Jean Le Gac est un autoportraitiste. Il est un peintre qui a réussi à se représenter sans se regarder dans un miroir, refusant de se voir lui-même à travers la vision des autres. Il peint et cela lui suffit pour se voir lui-même à travers sa peinture. Il invente pour lui-même sa propre image qu'il ne voit pas. Il peint le peintre qu'il touche avec ses mains mais que ses yeux ne voient pas. Il touche avec ses crayons et ses pinceaux le peintre aveugle vers lequel il ne peut pas se retourner.
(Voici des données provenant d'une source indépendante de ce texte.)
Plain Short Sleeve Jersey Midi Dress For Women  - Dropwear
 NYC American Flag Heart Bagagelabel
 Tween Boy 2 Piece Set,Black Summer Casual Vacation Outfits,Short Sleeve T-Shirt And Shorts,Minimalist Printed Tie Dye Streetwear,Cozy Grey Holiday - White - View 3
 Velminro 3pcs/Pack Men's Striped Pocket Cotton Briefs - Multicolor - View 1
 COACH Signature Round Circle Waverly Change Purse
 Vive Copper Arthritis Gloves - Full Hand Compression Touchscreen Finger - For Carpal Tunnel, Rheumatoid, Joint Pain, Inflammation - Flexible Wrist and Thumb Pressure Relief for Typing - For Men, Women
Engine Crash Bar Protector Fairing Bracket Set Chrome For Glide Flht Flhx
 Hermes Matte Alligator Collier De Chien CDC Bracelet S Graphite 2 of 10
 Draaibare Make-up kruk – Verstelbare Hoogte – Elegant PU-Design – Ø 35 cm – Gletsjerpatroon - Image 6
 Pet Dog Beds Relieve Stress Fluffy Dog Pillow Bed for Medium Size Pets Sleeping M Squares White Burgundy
Il tourne autour, il se déplace autour de lui. Il peint pour essayer de se voir lui-même. Peindre lui permet de se déplacer autrement pour tenter de se rejoindre, de se rapprocher de son image invisible.
Peindre est pour Jean Le Gac comme un mouvement de déplacement qui le mènerait vers lui-même et dont chaque coup de pinceau ou de crayon lui laisserait entrevoir son visage. Il ferme un oeil comme pour regarder à travers une longue vue ou un trou de serrure, et il voit le monde au lieu de se voir lui-même. Il voit que le monde intouchable l'a remplacé devant lui. Il met la main devant son front pour se cacher du soleil qui l'éblouit mais qui ne l'éclaire toujours pas lui-même. Il voudrait voir ce qu'il ne voit pas, il voudrait représenter ce que tous voient de lui mais que lui-même n'a jamais vu, ce que chacun ne voit pas de soi mais que l'autre voit.
Jean Le Gac cherche à nous montrer ce que nous ne voyons pas de nous-mêmes, ce qui nous aveugle et qui nous permet d'être voyants : la nuit qui nous recouvre pour nous découvrir dans le jour, ce qui est le propre de notre existence.